Revenue was $1.56 billion compared with $1.59 billion a year earlier.
Ameren said it benefited from increased electric delivery and transmission infrastructure investments and from an order by the Illinois Commerce Commission approving recovery of additional costs, which added 4 cents to earnings.
The regulatory climate in Missouri was less favorable, reflecting a reduction in allowable cost recovery for vegetation management, infrastructure investment costs and certain storm costs. The state also reduced return on equity to 9.53% from 9.8%.
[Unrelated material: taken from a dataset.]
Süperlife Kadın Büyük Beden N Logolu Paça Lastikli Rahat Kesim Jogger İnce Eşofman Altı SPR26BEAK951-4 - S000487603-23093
Even so, Ameren held firm on its estimated full-year diluted earnings per share of $2.45 to $2.65.
Weather, Integrys Merger Costs Bruise Wisconsin Energy Q1 Earnings
Wisconsin Energy said first-quarter profit fell 6%, citing a warmer winter than a year ago and the costs related to its proposed acquisition of Integrys Energy.
The company reported net income of $195.8 million ($0.86/share) compared with $207.6 million ($0.91/share) in the first quarter of 2014. Revenues fell 18% to $1.39 billion. The company said 2014 revenues were higher due to the polar vortex and higher spot market prices for natural gas.
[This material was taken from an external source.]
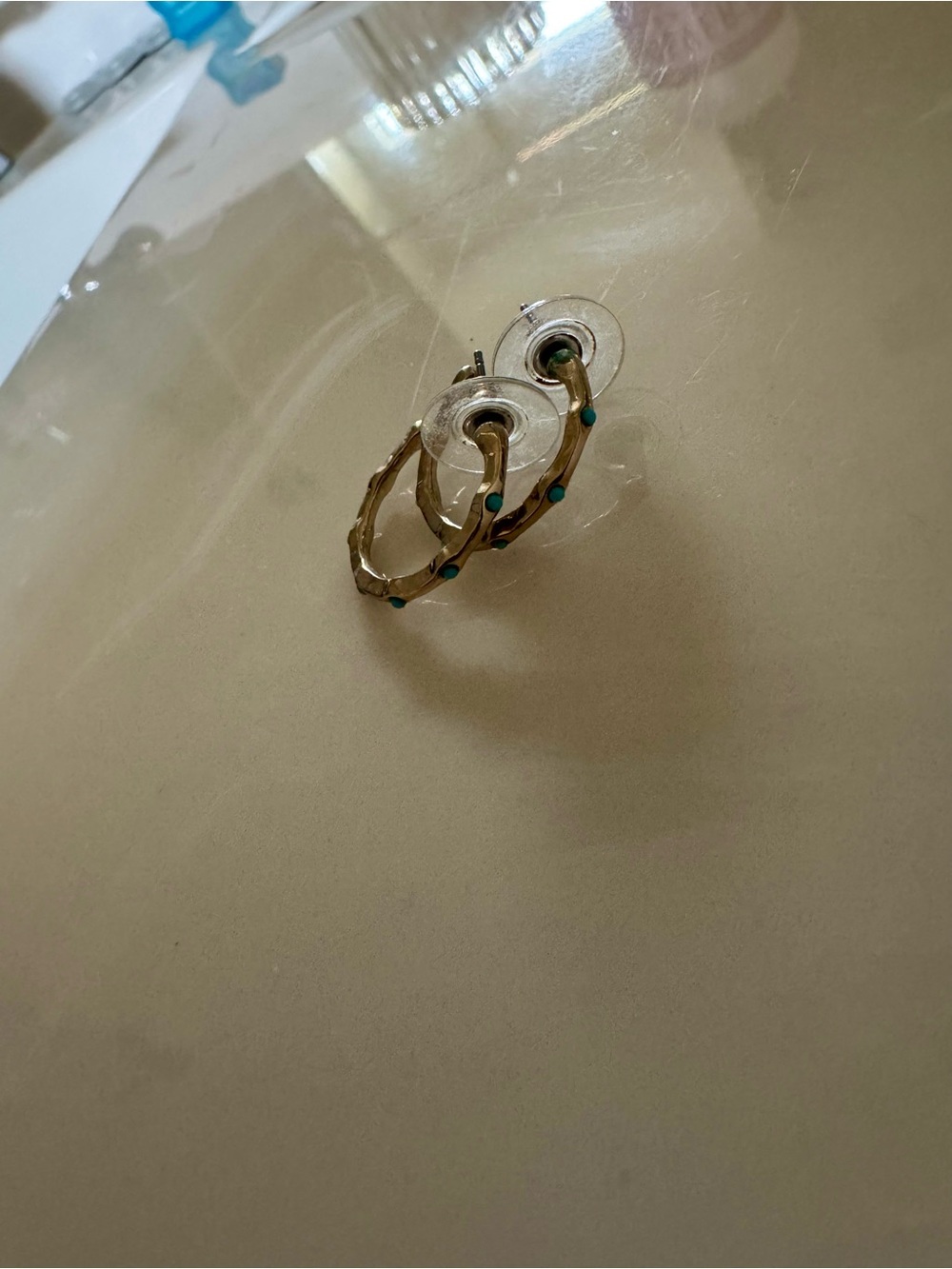 Anthropologie Gold Hoop Earrings with Teal Accents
The Federal Energy Regulatory Commission and the Michigan Public Service Commission have already approved the Integrys deal. The Wisconsin Public Service Commission last month indicated it will likely approve the deal, to the chagrin of industrial and consumer groups that want Wisconsin Energy to promise specific rate savings to customers as a result of the $9.1 billion merger. Regulators in Illinois and Minnesota have yet to sign off on the deal.
Nuke Charge Slams Xcel Energy’s Q1 Profit
Xcel Energy’s first-quarter net income fell 41% from a year earlier on a milder winter and a $129 million pre-tax loss related to a 2013 upgrade of its Monticello nuclear plant.
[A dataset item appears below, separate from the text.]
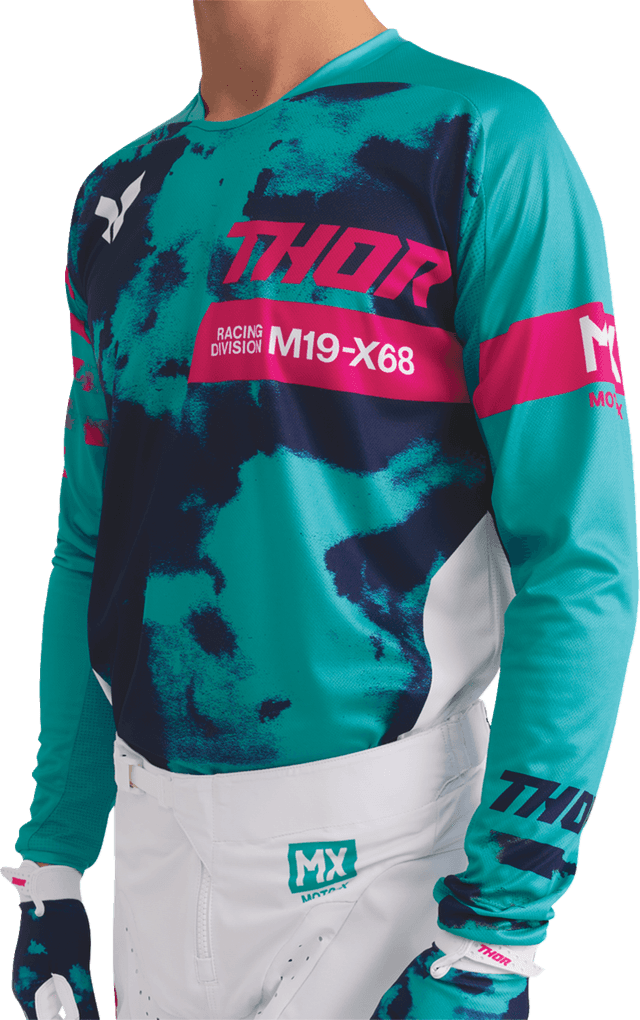 THOR 2910-8407 Launchmode Bleach Jersey - White/Aqua - Medium — image 5 of 7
The Minneapolis-based company reported a profit of $152 million ($0.30/share) compared with $261.2 million ($0.52/share) in the first quarter of 2014.
Profits took a 16 cents-per-share hit due to the loss stemming from the Monticello project. In 2013, Northern States Power-Minnesota completed a project to uprate the Monticello nuclear facility to 671 MW from 600 MW, at a cost of $748 million.
That was more than a 2008 estimate of $320 million. The Minnesota Public Utilities Commission completed a prudence review in March, determining that $333 million of the costs must be recovered over the life of the project.
Revenues of $2.96 billion were down 7.5% from the same quarter last year, largely on milder winter weather that reduced consumption.
Xcel reaffirmed full-year earnings per share of $2 to $2.15.
If the Federal Energy Regulatory Commission keeps its word, virtual traders in PJM should have clarity by the end of October on whether up-to-congestion transactions will be subject to additional charges.
In opening a section 206 docket on the issue last year, the commission said it would rule within five months after it receives comments following a technical conference.
The technical conference was held Jan. 7. On April 29, the commission issued the request for follow-up comments, which are due May 29 (EL14-37).
In September, FERC ordered the 206 proceeding to determine whether PJM is improperly treating UTCs differently than incremental offers (INCs) and decrement bids (DECs). While INCs and DECs are charged uplift and subject to the financial transmission rights forfeiture rule, UTCs are exempt from both.
UTC trading volumes collapsed after Sept. 8, the refund-effective date set by FERC for any uplift assessments. Some financial traders have discussed an interim fee on UTCs in an effort to encourage trading pending resolution of the case. (See Cool Response to Proposed 7-Cent Fee on Virtual Transactions.)
Among the questions on which FERC solicited comment were:
How should the injection/withdrawal points for the virtual transaction be identified?
Should the defined “worst case” node be limited to the market participant’s own transactions?
Should the FTR forfeiture rule collectively assess the net impact of a market participant’s entire portfolio of INCs, DECs and UTCs instead of the current rule, which assesses virtual transactions one at a time?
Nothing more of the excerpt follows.